How much memory to take on a trip is a decision that all digital photographers face at some point, pro and amateur alike. If you're a pro, the answer is to buy a bunch of memory and charge it to the client or write it off. If you're a traveler on a budget, the answer isn't that simple. You have to buy smart and make your choice based on quantity vs. quality. 

A digital newbie will say, "I love my new digital camera and the manual says that on this setting I can fit 22,000 pictures on one 4GB card!”  While that might be technically true for 640x480 VGA images, it's usually followed at a later date by, “This camera sucks!
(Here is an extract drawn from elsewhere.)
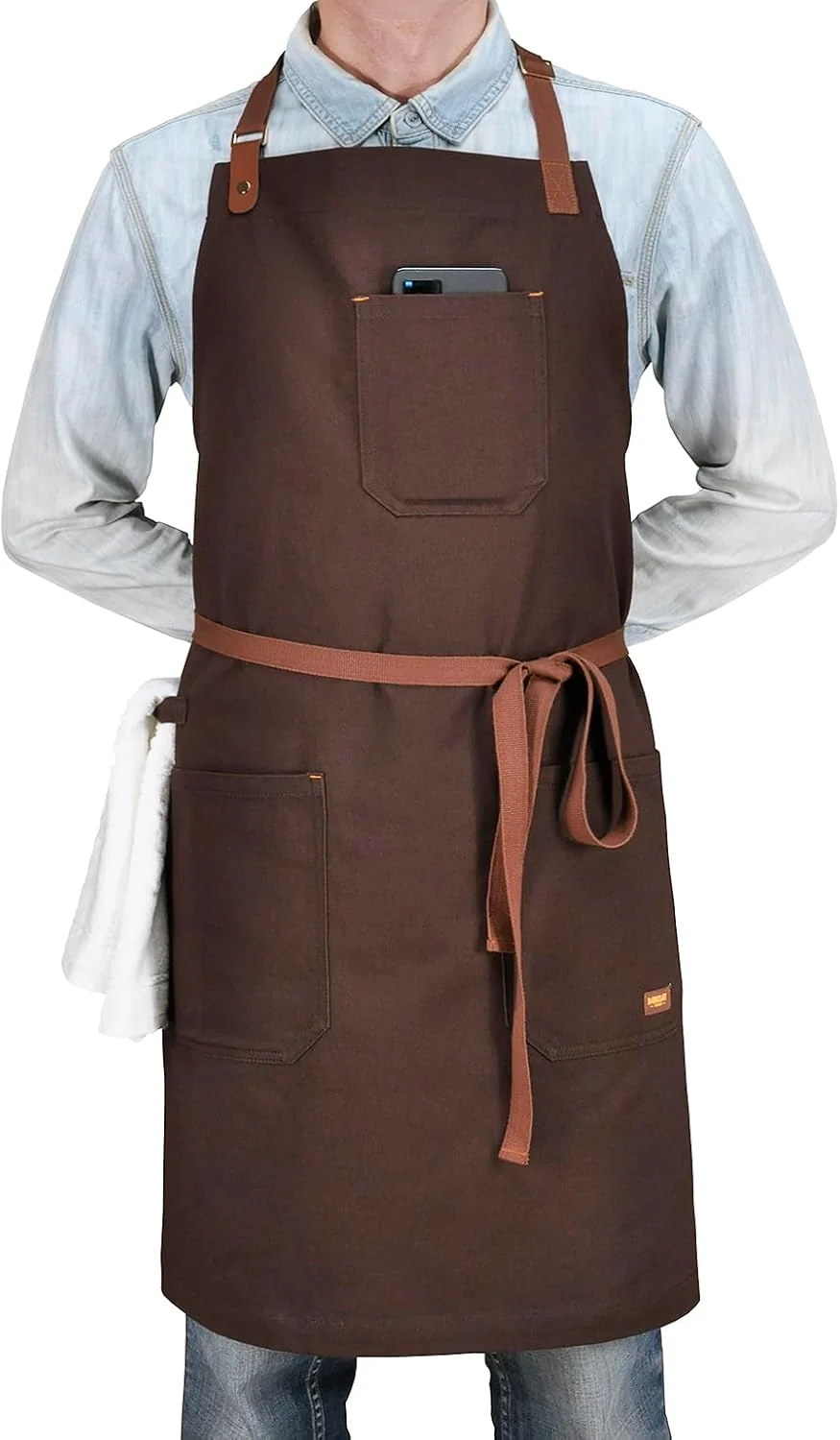 High-Quality Chef Bib Apron with Pockets Professional Kitchen Cooking Grill BBQ Apron for Men Women with Pockets Towel Loop and Adjustable Neck Strap Brown Next-Generation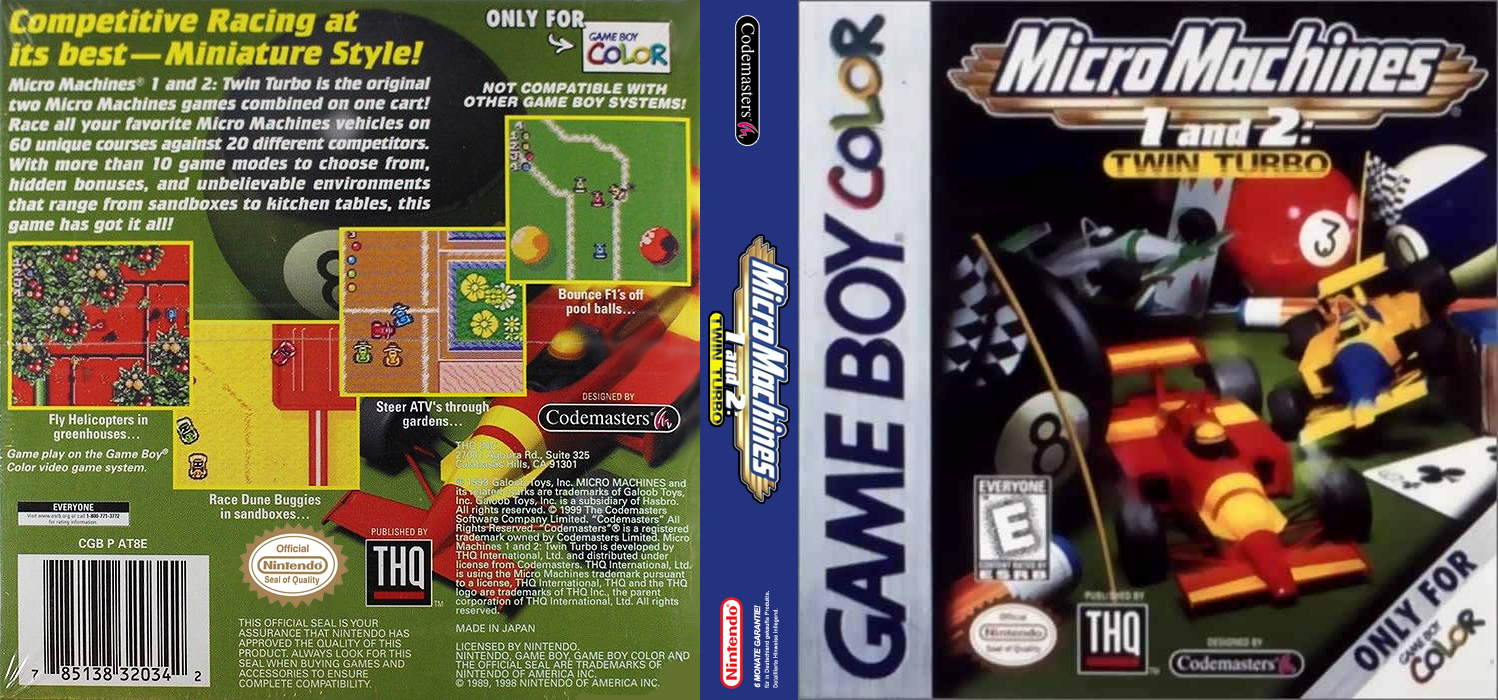 Micro Machines 1 and 2 : Twin Turbo [US,EU] gbc 2000 Box Art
The pictures looked ok on the LCD, but they're are all fuzzy when I have them printed!”  

I’ll try to explain the how and why of quality vs. quantity and afterwards, give my suggestions on how to make an informed decision on what's best for you.

Quality and resolution:

 In a digital camera there are two major factors that affect quality. These are image size (resolution) and compression (quality). I will continue my preference for non-technical explanations and leave out the gory details about photosites, Bayer arrays and the worst of lossless vs. lossy compression. I will also leave RAW format out since most compact cameras don’t offer it and every manufacturer has their own. If you want more tech, Google those words and brace yourself!

Image Size (resolution):

Digital cameras capture light on a sensor made up of tiny light sensitive dots that roughly translate into pixels on the final image. Simply put, the resolution of a camera sensor is the number of  dots, or pixels, side to side multiplied by the number of pixels up and down. If that number equals a million, the sensor’s resolution is one megapixel (MP). Marketing departments have made the megapixel a household word and it is the measuring stick that we now use to measure the ability of a camera to capture detail. More dots = more resolution = more detail. With some exceptions, this holds true. (You may want to read my article on camera choices.)  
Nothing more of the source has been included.